Un solo esempio. È dalla metà degli anni Settanta che esiste la rivista Epidemiologia e prevenzione, espressione di quel “movimento di lotta per la salute” che ha condotto le battaglie politiche e legali che hanno portato al riconoscimento dei rischi per i lavoratori esposti a sostanze tossiche – come l’amianto, il piombo tetraetile, il cloruro di vinile, la betanaftilamina ecc. – e il diritto al risarcimento. Ricordiamo i nomi di Giulio Maccacaro e di Ivar Oddone. La rivista è nata per formare operatori sanitari sul territorio, per combattere l’arroganza delle case farmaceutiche e delle industrie che negano l’evidenza dei danni prodotti dalle loro lavorazioni e che finanziano abbondantemente studi volti a dimostrare l’inesistenza del rischio, per combattere un modello di sanità pubblica fondato solo su grandi centri ospedalieri superspecializzati e su cliniche private, al servizio di chi si può permettere cure costose.

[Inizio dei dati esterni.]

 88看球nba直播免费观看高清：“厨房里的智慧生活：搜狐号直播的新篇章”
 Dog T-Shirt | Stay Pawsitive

Questo è il grande patrimonio di esperienze e di conoscenze che ci ha lasciato in eredità il movimento di lotte sociali degli anni Settanta, un patrimonio che si rinnova di generazione in generazione. Noi non abbiamo bisogno di ricorrere a confuse teorie del complotto per denunciare certi veri e propri crimini commessi dalle case farmaceutiche, ci basta ricorrere al concetto marxiano di profitto. Né abbiamo bisogno di accodarci all’azione anti-governo di Fratelli d’Italia per denunciare il preoccupante taglio alla spesa sanitaria pubblica del governo Draghi. La battaglia per una sanità al servizio di tutti i cittadini, con un presidio costante del territorio, per una prevenzione basata sul senso di responsabilità verso gli altri, è una nostra battaglia da mezzo secolo, non è roba da apprendisti stregoni

P.S. Dopo l’assalto fascista alla sede Cgil di Roma da più parti si è levata la richiesta di mettere fuori legge Forza Nuova. Da parecchi anni il problema di una rinascita della fede fascista in Italia è un problema serio. La sinistra, la stampa, gran parte delle forze intellettuali, la magistratura, hanno non solo ignorato questo problema ma hanno in certi casi assecondato la peggiore deriva di estrema destra, come nel caso delle foibe. Mettendo fuori legge Forza Nuova pensano magari di aver risolto il problema? Così continueranno a ignorarlo, a far finta che non esista? Prima di metterli fuori legge cominci la polizia a trattarli come tratta gli operai in sciopero. E allora l’assalto alla Cgil non sarebbe riuscito. Non si tratta di metterli fuori legge, ma di metterli fuori gioco politicamente. E questo è affare nostro, è nostra responsabilità creare le premesse perché vengano isolati e sconfitti.